PUBBLICITÁ

contro mastro ciliegia

Reporter e galere

Maurizio Crippa

Reporters Sans Frontières informa che il 2021 è stato l'anno nero per i giornalisti finiti in prigione; 488. Mai così tanti. Ma serve una doppia dose di rispetto, per parlarne in un paese in cui i giornalisti si appiccicano medaglie di coraggio se invitano fessi con braccio di gomma in tv

PUBBLICITÁ

A non essere inviati di guerra, o in paesi dove sui confini di filo spinato si va a proprio rischio e pericolo, serve una dose doppia di rispetto per commentare certe notizie. Alle nostre latitudini c’è la risibile abitudine di appiccicarsi medaglie di coraggio per aver portato uno scemo con il braccio di gomma in trasmissione, o di considerarsi perché si scrive ogni santo giorno che il governo di Conte era più bravo: proprio il giorno che l’Economist, non Lilli Gruber, certifica il contrario.
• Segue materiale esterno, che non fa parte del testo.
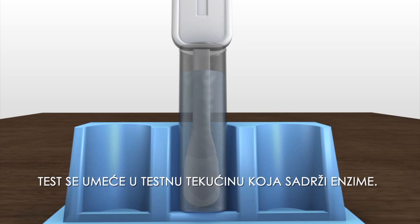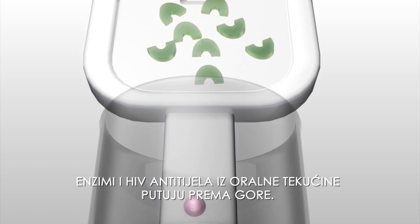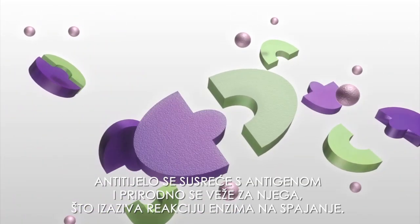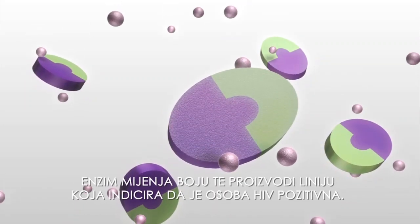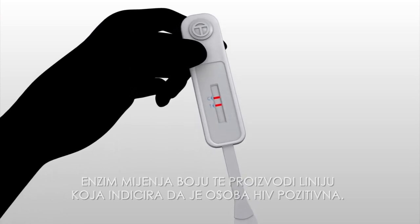Both the enzyme and HIV antibody from the oral fluid travel upward. The antibody meets the antigen and naturally binds to it, triggering the enzyme to react to the binding. The enzyme changes the colour of the test paper to produce a line to indicate that the person is HIV positive.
Non è facile parlare dell’eroismo vero di tanti colleghi, se si è circondati da cotanta schiera. Però, il bilancio 2021 di Reporters Sans Frontières ci informa che è stato l’anno record, cioè nero, per il numero di giornalisti detenuti nel mondo: 488. “Mai dalla creazione del rapporto di Rsf nel 1995 è stato così elevato”. Né consola che i 46 professionisti dei media uccisi siano la cifra più bassa in vent’anni. L’aumento del 20 per cento degli arresti, viene detto, è dovuto soprattutto a tre paesi: Birmania, Bielorussia e Cina. Ma guarda. E pesano molto la repressione imposta a Hong Kong e i 70 giornalisti uiguri finiti in galera. Ora si può tornare a credersi sentinelle della democrazia e strillare che i giornali “silenziano”  i No vax, o che ieri nessuna prima pagina si è ricordata dello sciopero generale.